▶ Task instructions
Copy exactly the lines of the data below, beginning with the line with "Modern bathroom with" and ending with the line with "Red Snuggle Sack". Pictures are to be omitted.

▶ Data shown
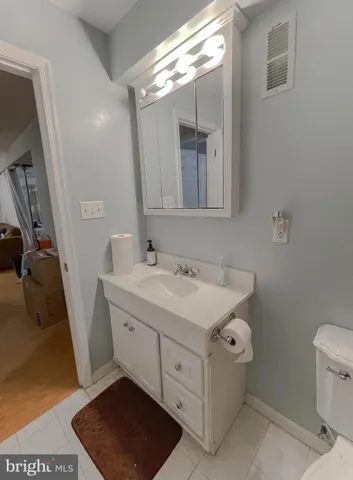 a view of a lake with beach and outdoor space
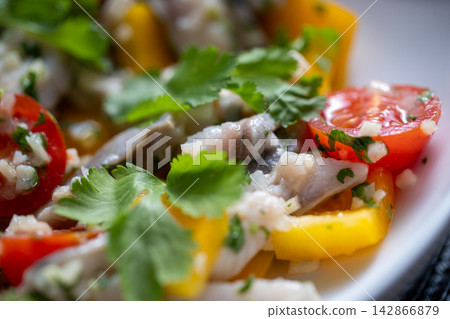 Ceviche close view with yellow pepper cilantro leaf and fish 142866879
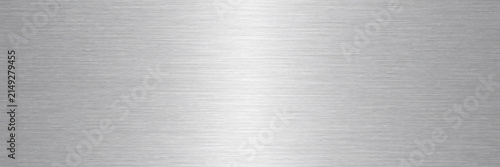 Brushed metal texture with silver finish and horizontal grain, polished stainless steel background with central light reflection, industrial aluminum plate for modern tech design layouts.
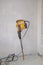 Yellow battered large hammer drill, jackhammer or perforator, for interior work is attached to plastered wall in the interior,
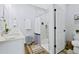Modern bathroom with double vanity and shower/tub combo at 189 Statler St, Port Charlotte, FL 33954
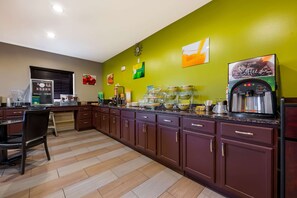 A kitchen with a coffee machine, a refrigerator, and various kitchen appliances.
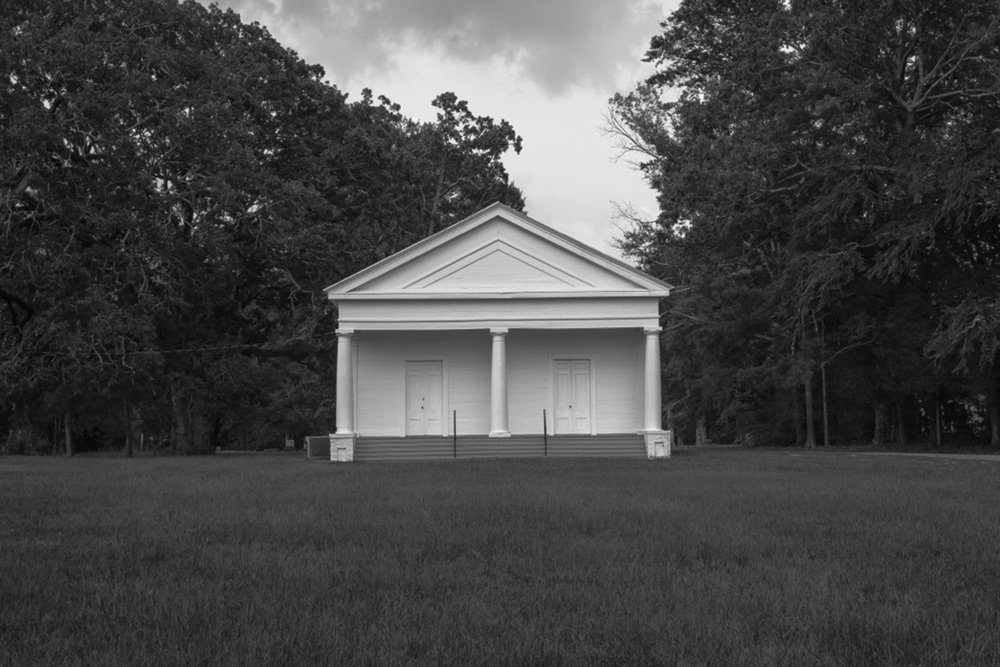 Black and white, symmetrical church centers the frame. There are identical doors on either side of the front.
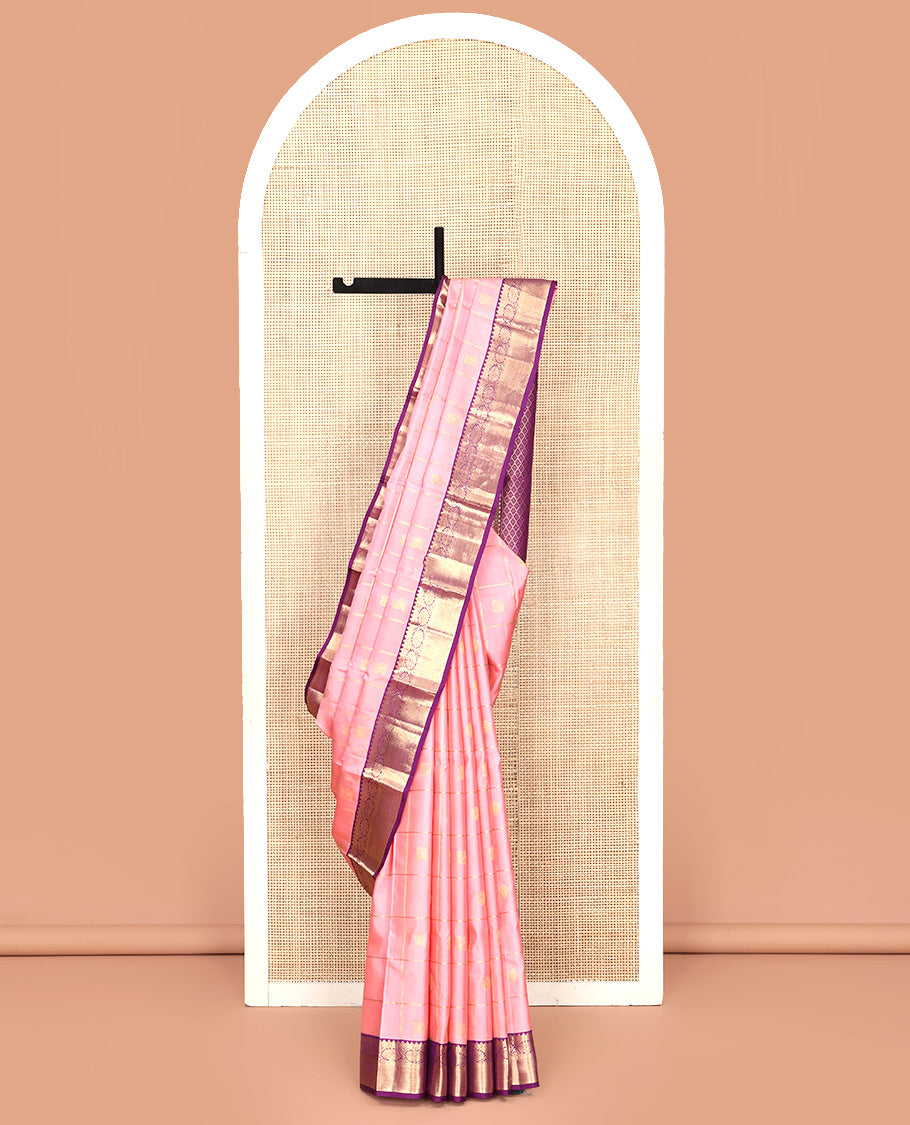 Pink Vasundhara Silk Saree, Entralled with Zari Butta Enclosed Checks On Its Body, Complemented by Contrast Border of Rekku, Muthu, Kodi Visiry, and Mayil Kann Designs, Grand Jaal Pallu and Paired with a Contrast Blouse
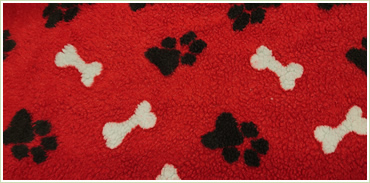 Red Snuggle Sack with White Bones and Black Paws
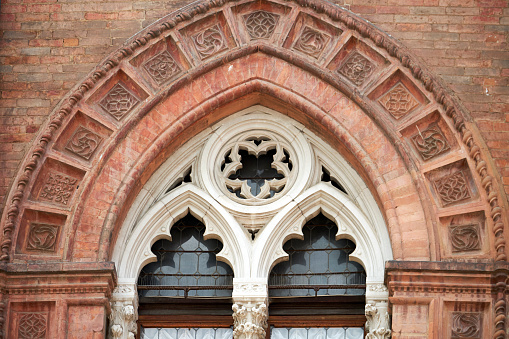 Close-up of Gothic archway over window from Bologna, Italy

---

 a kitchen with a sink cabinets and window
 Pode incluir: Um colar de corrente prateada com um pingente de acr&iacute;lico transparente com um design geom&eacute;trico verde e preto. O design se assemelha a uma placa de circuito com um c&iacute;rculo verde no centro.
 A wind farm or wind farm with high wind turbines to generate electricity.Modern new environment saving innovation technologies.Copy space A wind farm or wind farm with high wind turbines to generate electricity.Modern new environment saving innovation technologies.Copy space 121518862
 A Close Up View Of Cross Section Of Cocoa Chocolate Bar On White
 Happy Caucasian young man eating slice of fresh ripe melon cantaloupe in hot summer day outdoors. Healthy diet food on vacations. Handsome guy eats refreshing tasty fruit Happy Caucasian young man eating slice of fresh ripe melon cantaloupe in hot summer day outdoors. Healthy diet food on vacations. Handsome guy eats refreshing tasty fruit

▶ Answer space
Modern bathroom with double vanity and shower/tub combo at 189 Statler St, Port Charlotte, FL 33954
 A kitchen with a coffee machine, a refrigerator, and various kitchen appliances.
 Black and white, symmetrical church centers the frame. There are identical doors on either side of the front.
 Pink Vasundhara Silk Saree, Entralled with Zari Butta Enclosed Checks On Its Body, Complemented by Contrast Border of Rekku, Muthu, Kodi Visiry, and Mayil Kann Designs, Grand Jaal Pallu and Paired with a Contrast Blouse
 Red Snuggle Sack with White Bones and Black Paws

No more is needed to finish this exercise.